Tulsa coach Danny Manning enjoyed his share of dominant games during his All-America playing days at Kansas. So the first-year head coach surely appreciated what Tiger senior D.J. Stephens did Saturday afternoon: four dunks, a three-pointer, four blocks, nine rebounds, and a career-high 15 points. That was in the first half.
The Tigers’ surpassing “energy guy” was hardly needed in the second half, as the U of M extended a 17-point lead and finished off its most complete game of the year, the team’s 12th straight victory. Stephens finished with 15 points, 13 rebounds, and five blocks in merely 16 minutes of game action. The two dunks and two jumpers he delivered in the game’s first five minutes — staking the Tigers to an 11-3 lead — were really all the home team needed.
- Larry Kuzniewski
- D.J. Stephens for three.
“That was a good 40 minutes of basketball, a good win for us,” said Memphis coach Josh Pastner. “We still have room for growth, but we got the W. We put two halves together.”

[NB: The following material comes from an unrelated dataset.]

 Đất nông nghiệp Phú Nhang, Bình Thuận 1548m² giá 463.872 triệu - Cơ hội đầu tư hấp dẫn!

Pastner wouldn’t allow his squad — notorious this winter for taking large leads then watching them disappear — to backpedal against an outsized Tulsa team. Barely two minutes into the second half, he didn’t like what he saw, so substituted five players from the bench as a single unit. “I didn’t feel like we came out with the intensity we should,” said Pastner, “so I made the change. And that group extended the lead.”
That group — Tarik Black, Chris Crawford, Antonio Barton, Ferrakohn Hall, and freshman Damien Wilson — delivered a 15-5 run over the game’s next six minutes to extend the Tiger lead to 27 (66-39). The last 12 minutes of the game were essentially garbage time. But garbage time dominated by the Tigers.

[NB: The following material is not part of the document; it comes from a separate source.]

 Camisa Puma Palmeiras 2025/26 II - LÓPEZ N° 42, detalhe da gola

“We play a lot better when we go out there and have fun as a team,” said Stephens. “We play our best basketball when we look to help the next guy out and we play together. A lot of shots were falling for us today. [The Tigers hit a season-high 12 three-pointers.] We showed everybody that we could put two halves together. Everybody was just having fun. It’s like a domino effect.”
Supplementing Stephens’ starring role were Barton (a game-high 16 points and four treys), Crawford (12 points, three treys, and five assists), and Wilson, who scored five points and grabbed five rebounds in 16 minutes, his most playing time of the season. Ten Tigers played at least 10 minutes and six of them hit at least one three-pointer.

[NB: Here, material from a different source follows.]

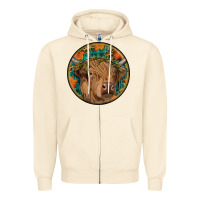 Sandshell fall highland cow round Zipper Hoodie - RanaPortraitStore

Memphis dished out 25 assists on 32 made field goals and outrebounded the Golden Hurricane, 45-33. If there was a down note, it was junior guard Joe Jackson’s streak of games with at least 10 points ending at 16 (he had six in 22 minutes).
With his team now 7-0 in league play, Pastner again defended the integrity of Conference USA, emphasizing that margin of victory (like today’s) can be nice, but it’s all about accumulating wins, however they come. “Winning 12 straight games is not easy,” he emphasized. “There are no freebies. We haven’t hit our ceiling . . . we need to keep improving.”
“We have to stay focused on the defensive end, and execute on the offensive end,” added Stephens. “We’ve got a big week coming up, with two road games against two good teams. But today was the first game I’ve seen everybody happy, everybody having fun. We’ve won games, but we haven’t won them the way we’re supposed to. Today’s game . . . that’s what I’ve been talking about, winning the way we’re supposed to.”
The Tigers (18-3) travel to SMU for their next game Wednesday night. They’ll play at Southern Miss a week from today before returning to FedExForum to face UCF on February 13th.